The attacks of Sept. 11, 2001, changed America, and Sen. Ted Cruz says it changed him.
That has the talkers at MSNBC beside themselves with scorn and MSNBC issuing an apology.
Interviewed Tuesday on CBS Good Morning, the announced candidate for president was asked about his musical tastes.
“I grew up listening to classic rock, and I’ll tell you sort of an odd story,” Cruz offered.
“My music tastes changed on 9/11.
“And it’s a very strange … I actually intellectually find this very curious. But on 9/11 I didn’t like how rock music responded. And country music collectively – the way they responded – it resonated with me, and I have to say it’s just a gut-level … I had an emotional reaction that said, These are my people.

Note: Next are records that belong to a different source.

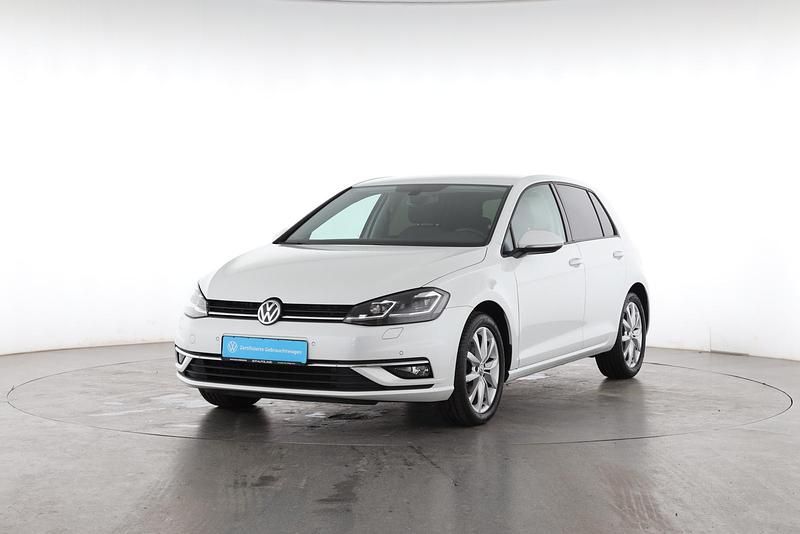 Weiß Gebraucht 2017 VW Golf VII Highline Limousine | 15.930 € (Fairer Preis) - Bild 1/4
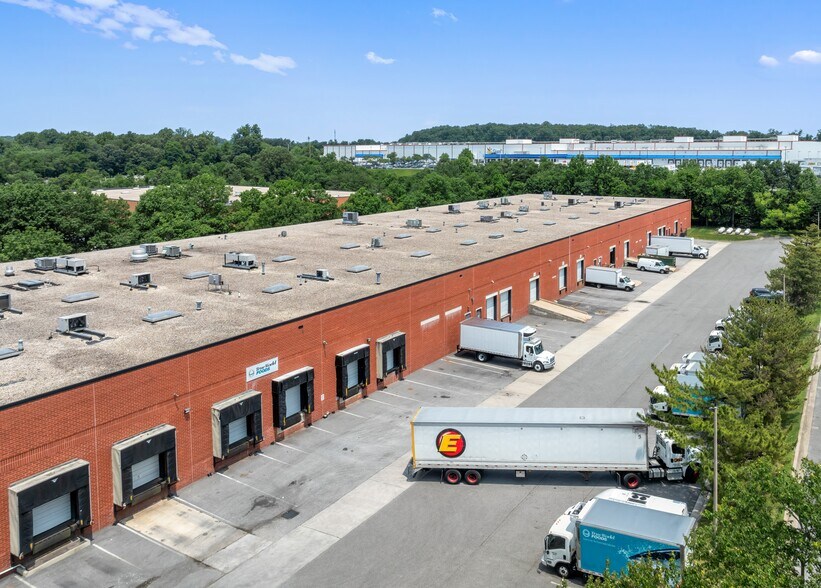 More Photos Of 10640 Iron Bridge Rd, Jessup Light Distribution For Lease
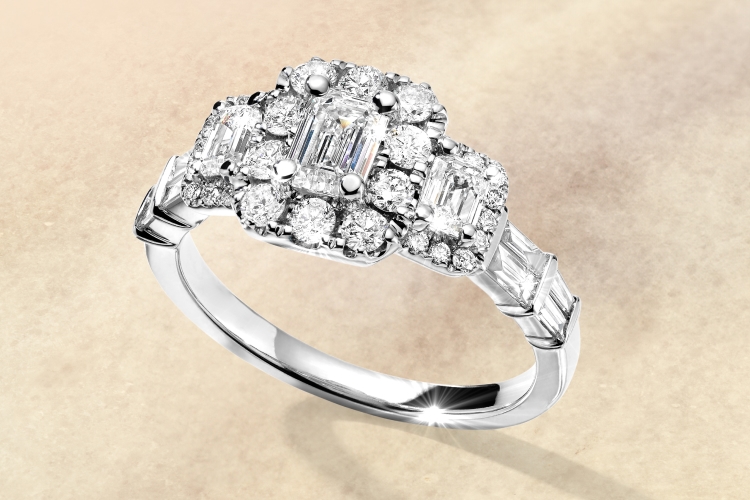 3-stone engagement ring profile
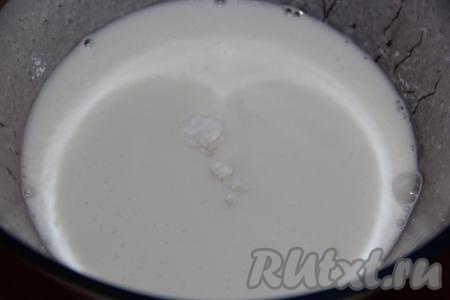 Кефир слегка подогреть (примерно, до 40 градусов, следите, чтобы он не свернулся), добавить соду, перемешать и оставить на 3-5 минут.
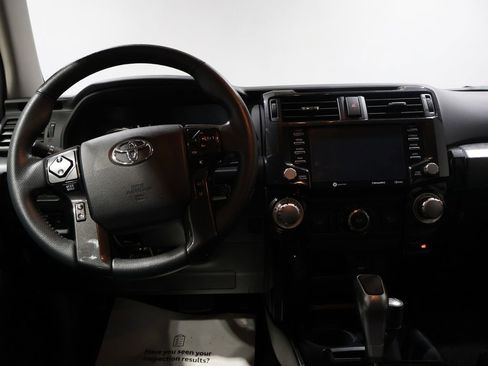 Used 2022 Toyota 4Runner TRD Off-Road Premium image 16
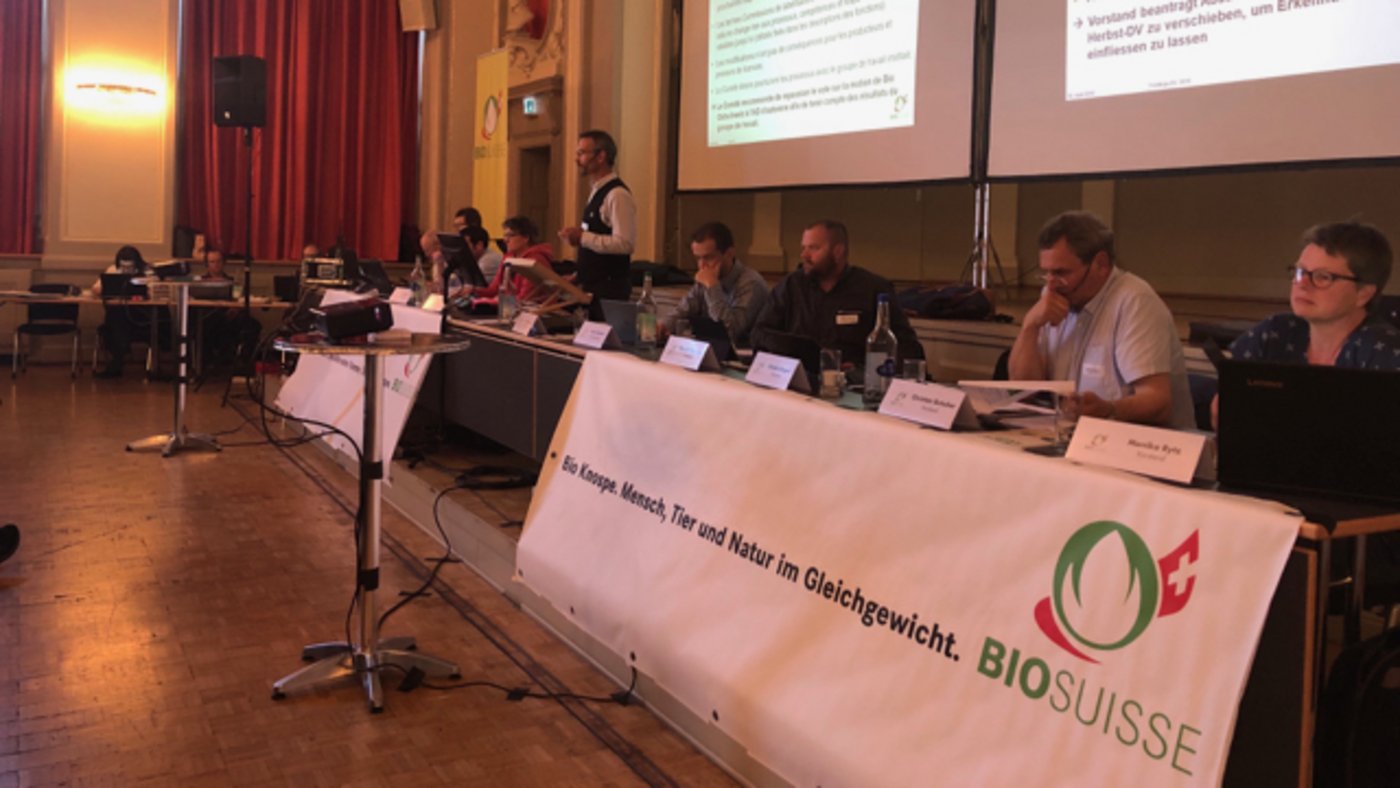 Sah sich einmal mehr lebhaften Diskussionen gegenüber: Der Bio-Suisse-Vorstand mit Präsident Urs Brändli am Stehpult. (Bild jw)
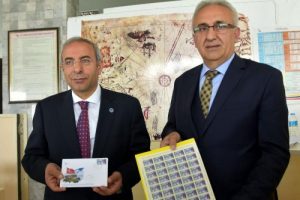 Y&uuml;z&uuml;nc&uuml; Yıl &Uuml;niversitesi'nden Van'a &ouml;zg&uuml; posta pulu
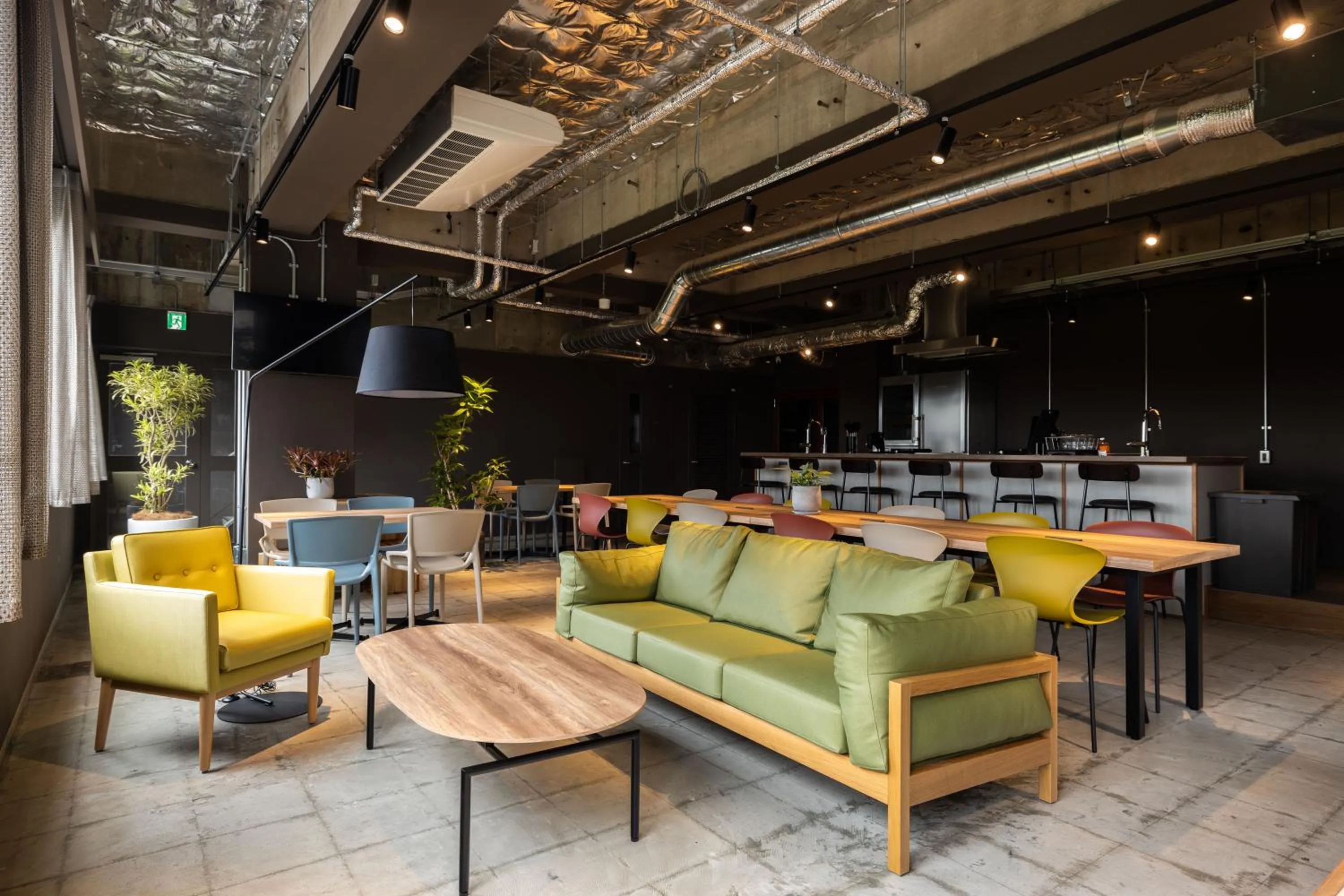 Communal lounge/ TV room in UNPLAN Fukuoka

“And so ever since 2001 I listen to country music, but I’m a non-country-music fan because I didn’t listen to it prior to 2001.”

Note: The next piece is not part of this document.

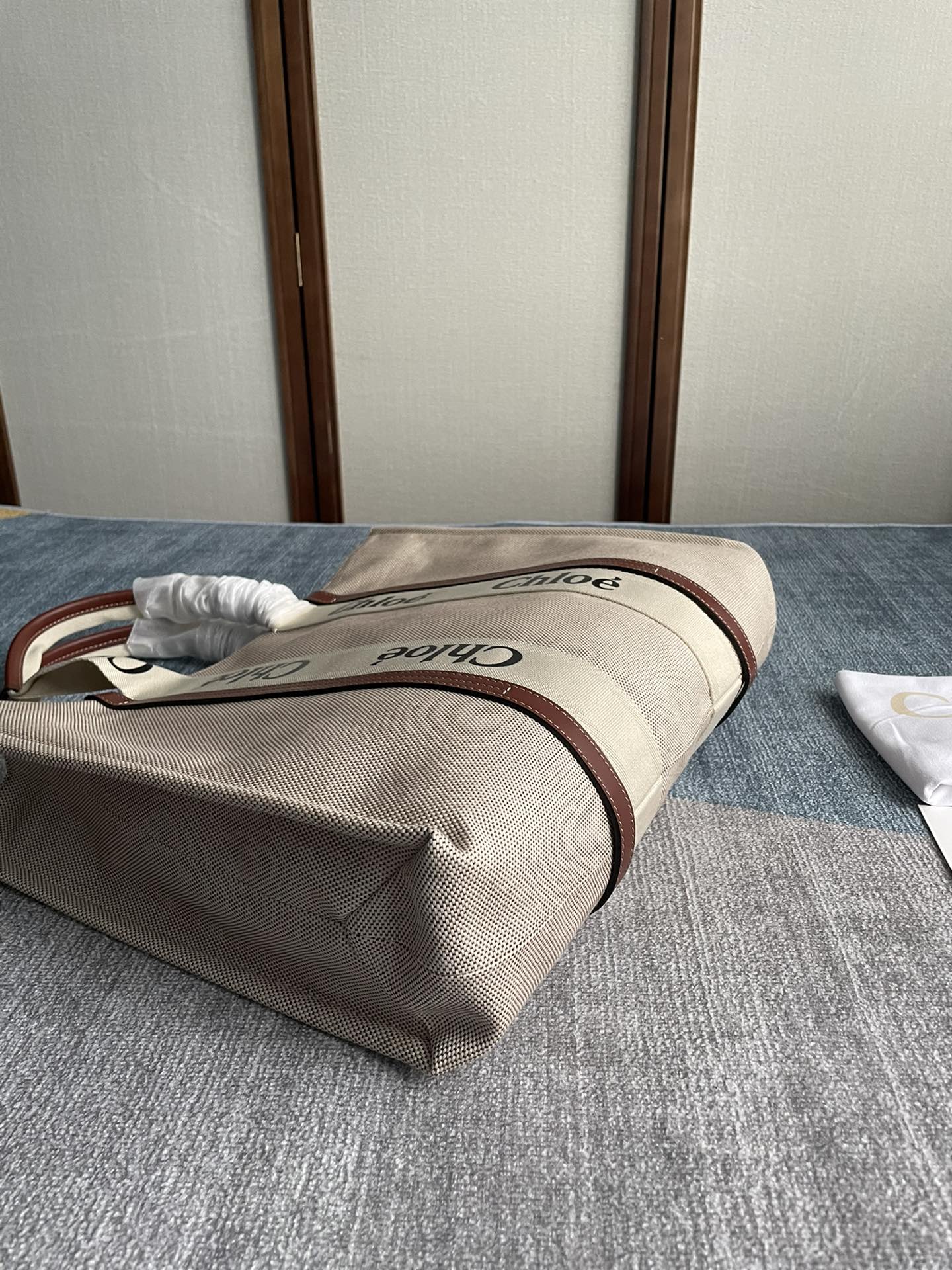 LAGRE STRAP WOODY TOTE BAG 45 IN BEIGE LINEN CANVAS BLACK WEBBING LOGO EMBROIDER BROWN CALFSKIN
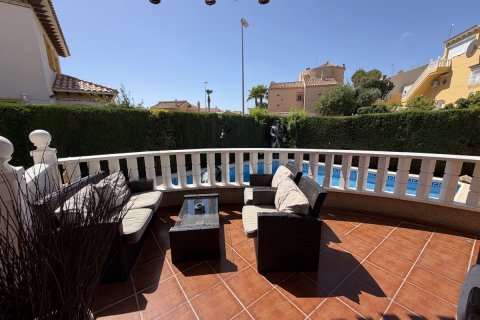 Villa till salu i Villamartin, Alicante, Spanien 4 sovrum, 109 kvm. Nr. 189829 - foto 5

But Cruz’s conversion to country music didn’t sit well with MSNBC political analyst Joan Walsh and Ebony Magazine senior editor Jamilah Lemieux.

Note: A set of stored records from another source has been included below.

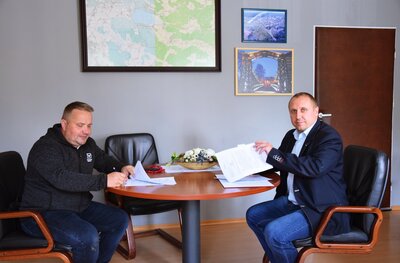 Umowy na budowę ul. Sosnowej w Szczedrzyku oraz ul. Rzecznej w Schodni podpisane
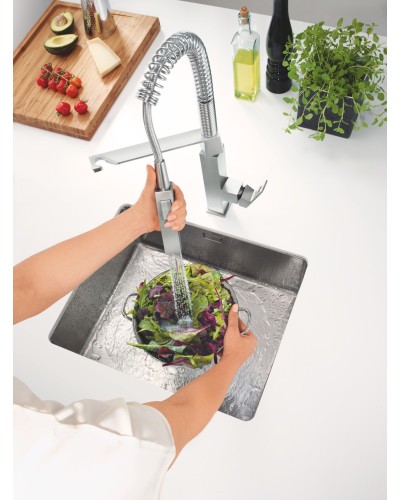 Смеситель для кухни с гибким изливом Grohe Eurocube (31395DC0)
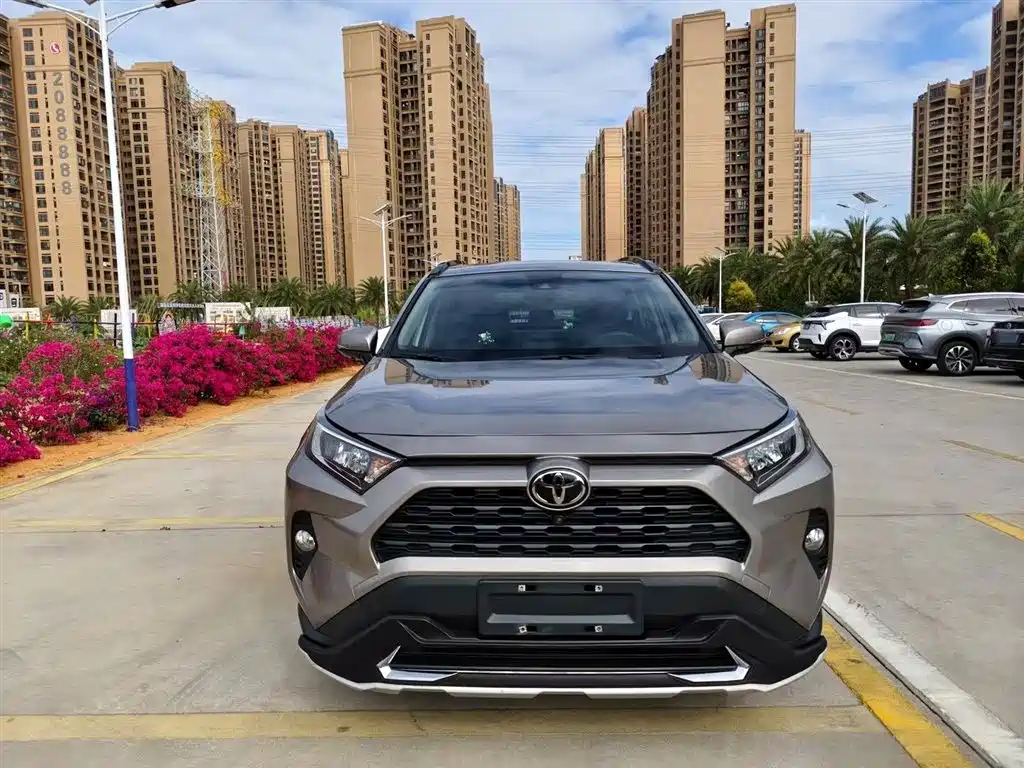 Toyota RAV4 Rongfang 2020 2.0L CVT 2WD Fashion PLUS фото 3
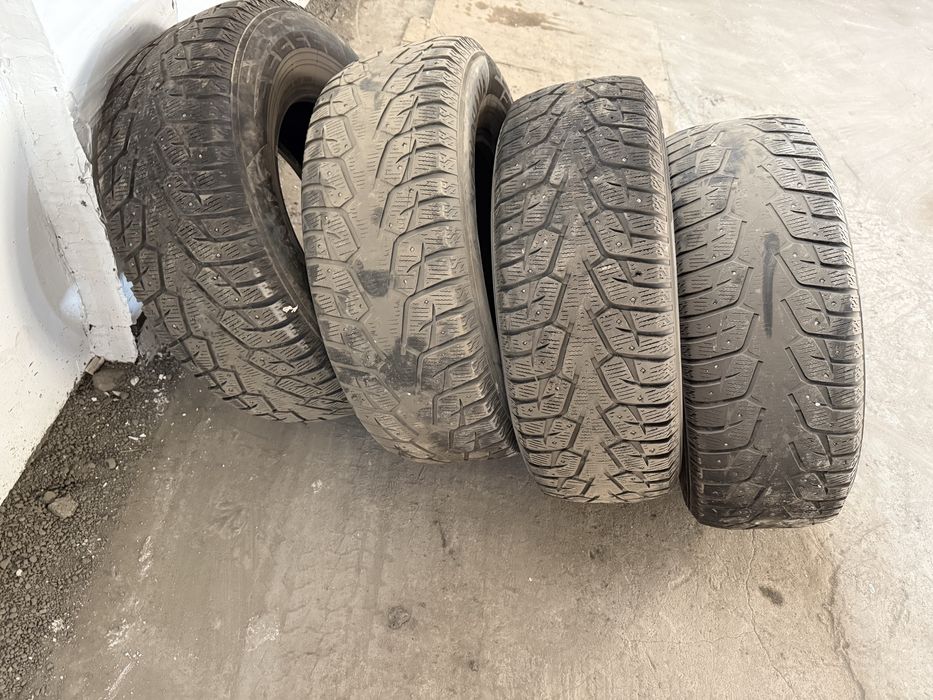 Продам зимнею резину 265/70R16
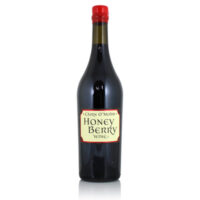 Cairn O'Mohr Honey Berry Wine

Appearing with MSNBC host Ari Melber the pair was asked for their reaction to Cruz’s comments.
“Nothing says ‘Let’s go kill some Muslims’ like country music,” said Lemieux sarcastically.
“Fresh from Lynchburg, Virginia … someone who obviously doesn’t want to be a polarizing candidate, he wants to bring people together. I mean, really? That’s absurd.”
“What an idiot,” chimed in Walsh. “Can you say pandering? … He’s not talking to people like us, so it’s fine. He knows who he’s pandering to, but I can’t believe it’s going to work with country fans, God bless them.”
It was up to former Republican National Committee Chairman Michael Steele, who was also a panelist, to answer the scoffers.
“I believe you’re absolutely right, Joan, he’s not talking to you. … I think what he was trying to say, however awkward that it came out, was that country music sort of captured that moment for him. It sort of expressed what he felt. It expressed his idea of America at this time of terrorism, and that resonated with him. I don’t make much more of it than that,” said Steele, suggesting Walsh and Lemieux were “overthinking” it.
Several segments later, Melber made an on-air apology for Lemieux’s comment: “We have a programming note. A few minutes ago on this show, a guest made a comment about country music. That comment was not appropriate, and we want to be clear this network does not condone it.”
It’s not the first time others have had to apologize for Lemieux.
Lemieux was widely criticized last year after she slammed remarks by Raffi Williams, a RNC press secretary who does youth outreach for the GOP, with a tweet: “Oh great, here comes a white dude telling me how to do this black thing. Pass.”